*** Opening Records provided ***

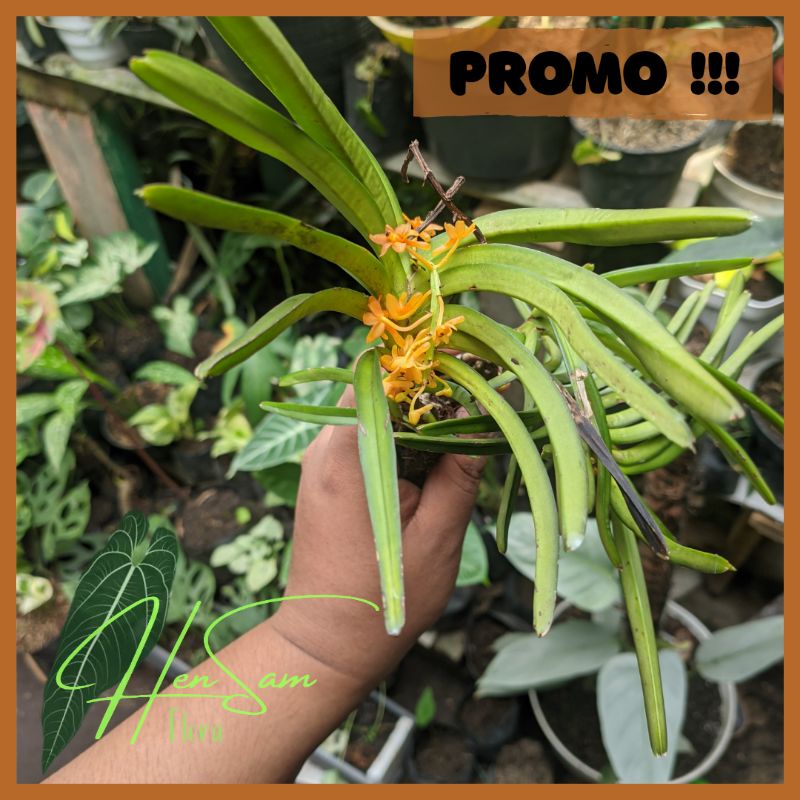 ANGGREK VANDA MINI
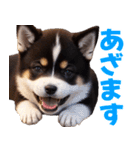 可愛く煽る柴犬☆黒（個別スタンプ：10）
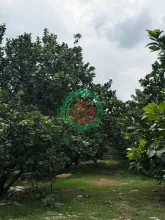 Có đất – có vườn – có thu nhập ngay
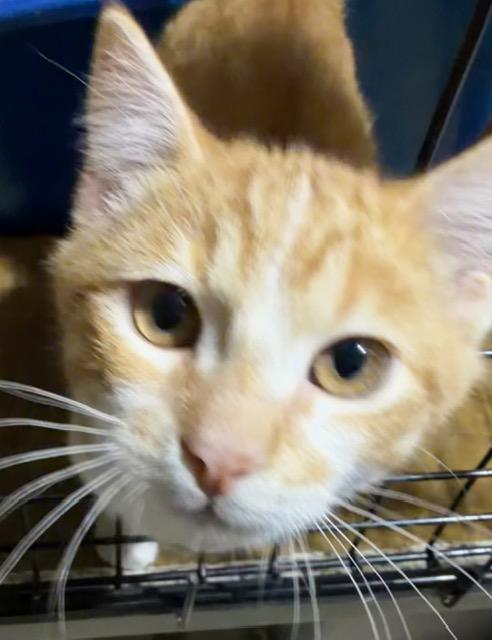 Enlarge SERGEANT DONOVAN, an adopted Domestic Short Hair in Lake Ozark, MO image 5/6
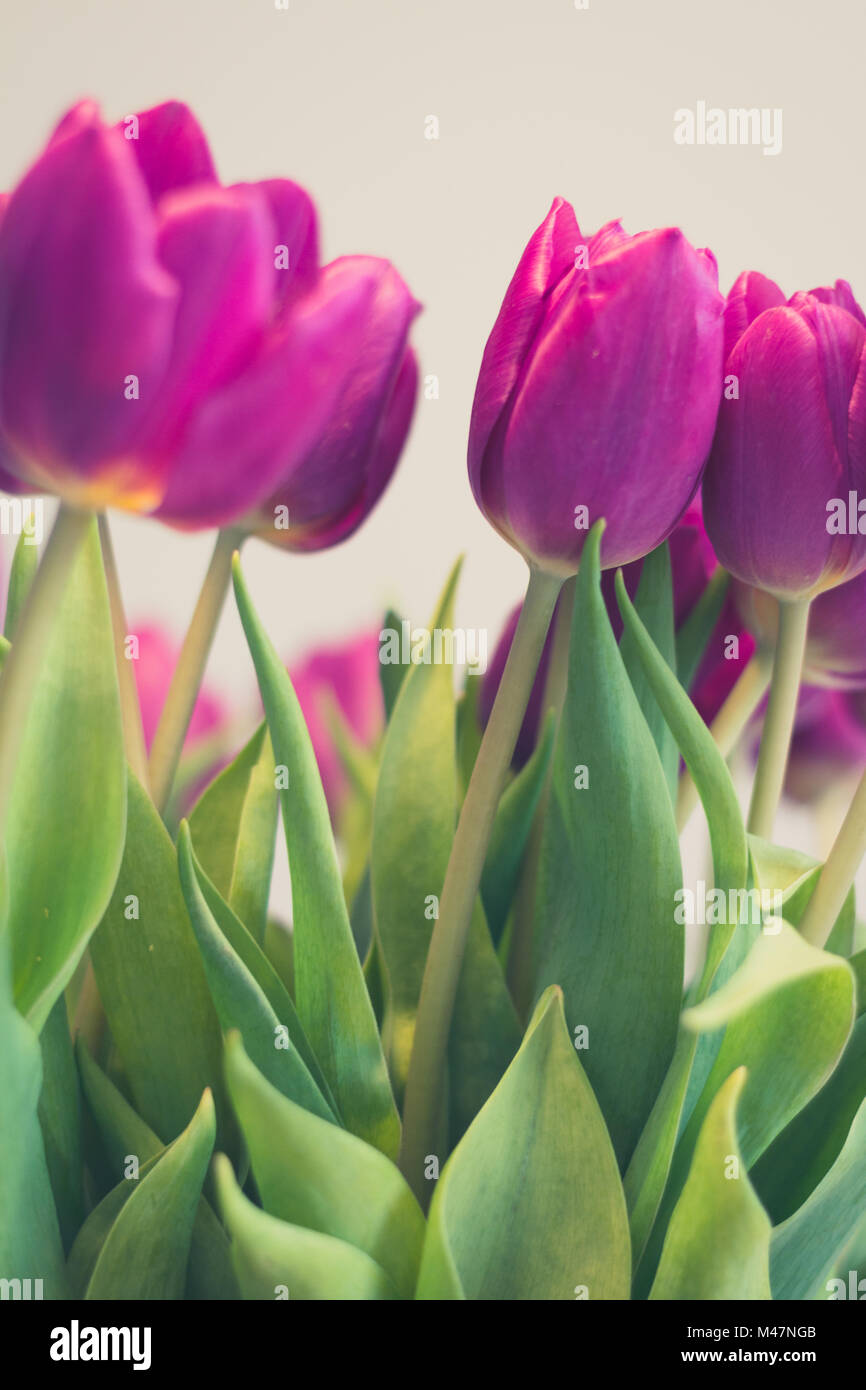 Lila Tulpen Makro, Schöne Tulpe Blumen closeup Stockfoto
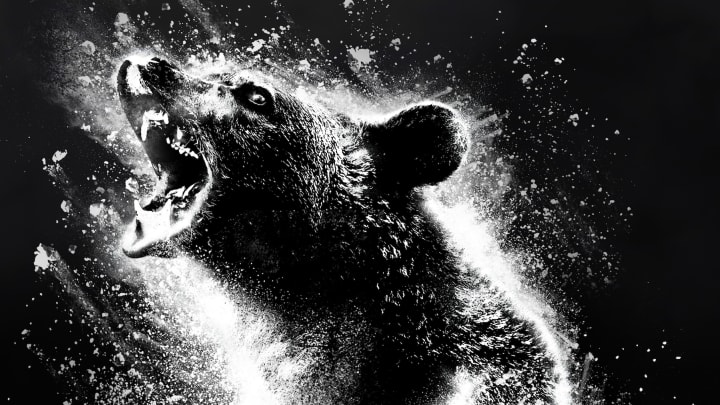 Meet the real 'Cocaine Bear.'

*** Closing Records provided ***

- What is expected
In the copy, every entry must appear exactly as written, and no picture may appear.

- Solution to this task
 ANGGREK VANDA MINI
 可愛く煽る柴犬☆黒（個別スタンプ：10）
 Có đất – có vườn – có thu nhập ngay
 Enlarge SERGEANT DONOVAN, an adopted Domestic Short Hair in Lake Ozark, MO image 5/6
 Lila Tulpen Makro, Schöne Tulpe Blumen closeup Stockfoto
 Meet the real 'Cocaine Bear.'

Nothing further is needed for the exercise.